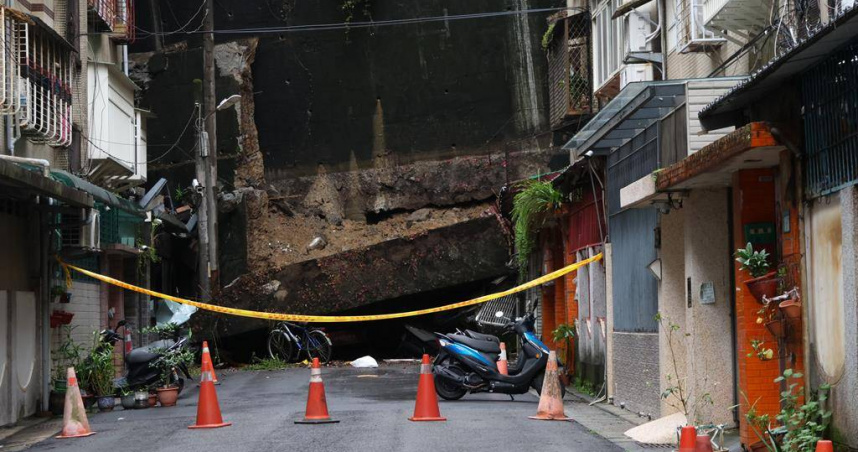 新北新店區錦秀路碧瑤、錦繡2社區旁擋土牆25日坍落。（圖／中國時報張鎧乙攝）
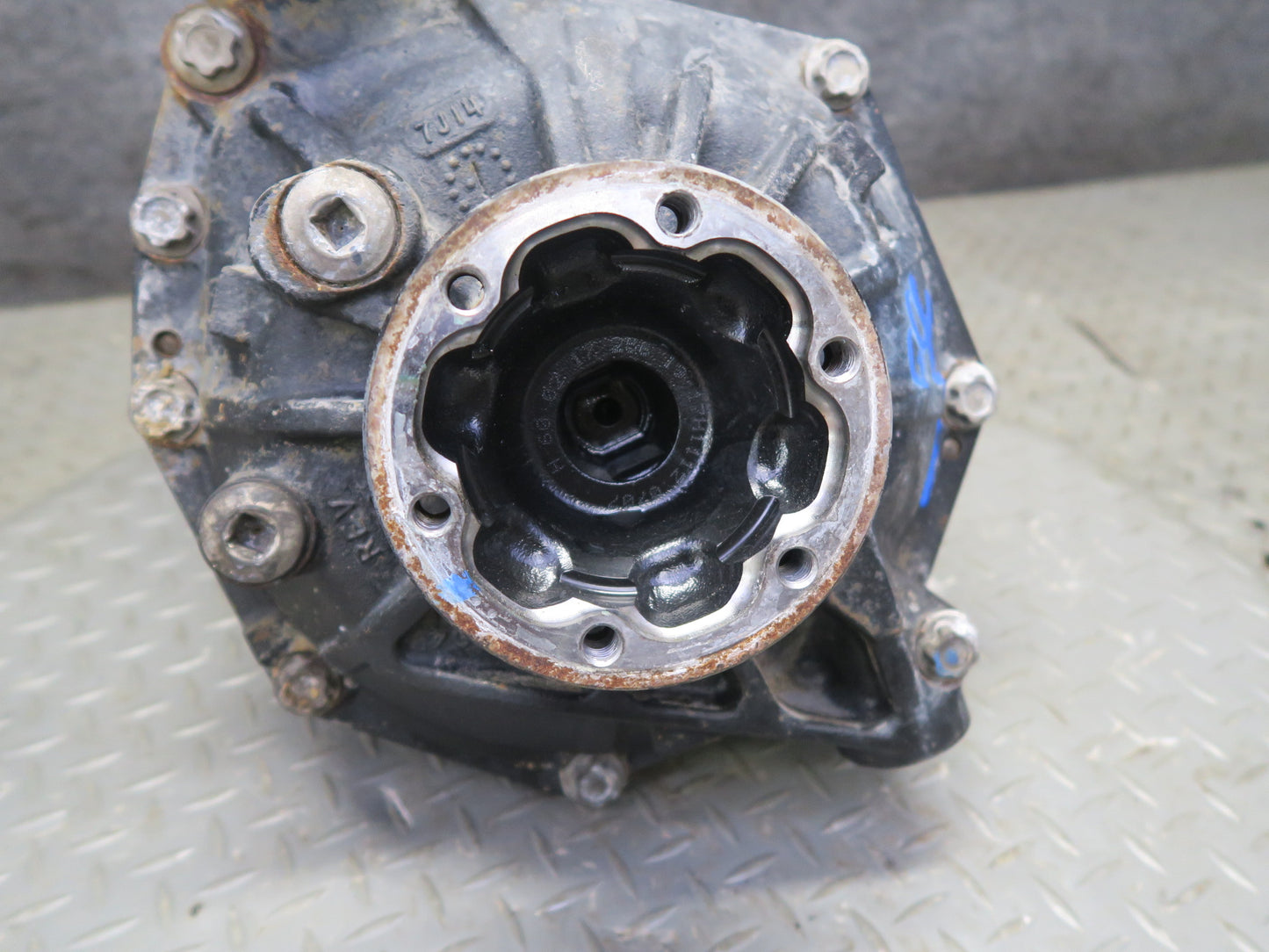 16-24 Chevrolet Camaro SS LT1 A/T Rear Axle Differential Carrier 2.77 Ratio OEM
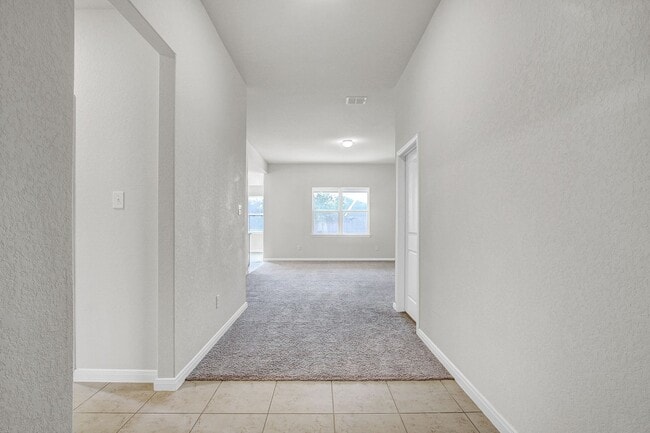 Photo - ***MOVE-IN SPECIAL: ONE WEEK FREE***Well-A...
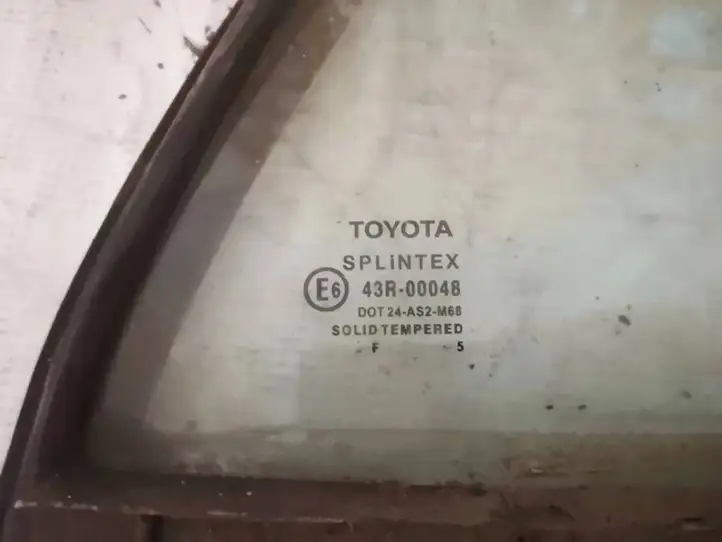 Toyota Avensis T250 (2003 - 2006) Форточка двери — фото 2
○ ○ ○ ○ ○
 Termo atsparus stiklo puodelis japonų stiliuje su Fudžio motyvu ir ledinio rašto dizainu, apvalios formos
○ ○ ○ ○ ○
__ACTION ITEM__
Please print the lines above word for word, starting at the one with "新北新店區錦秀路碧瑤、錦繡2社區旁擋土牆25日坍落。（圖／中國時報張鎧乙攝）" and ending at the one with "Toyota Avensis T250", both included, and without any picture.

__SOLUTION TO THIS TASK__
 新北新店區錦秀路碧瑤、錦繡2社區旁擋土牆25日坍落。（圖／中國時報張鎧乙攝）
 16-24 Chevrolet Camaro SS LT1 A/T Rear Axle Differential Carrier 2.77 Ratio OEM
 Photo - ***MOVE-IN SPECIAL: ONE WEEK FREE***Well-A...
 Toyota Avensis T250 (2003 - 2006) Форточка двери — фото 2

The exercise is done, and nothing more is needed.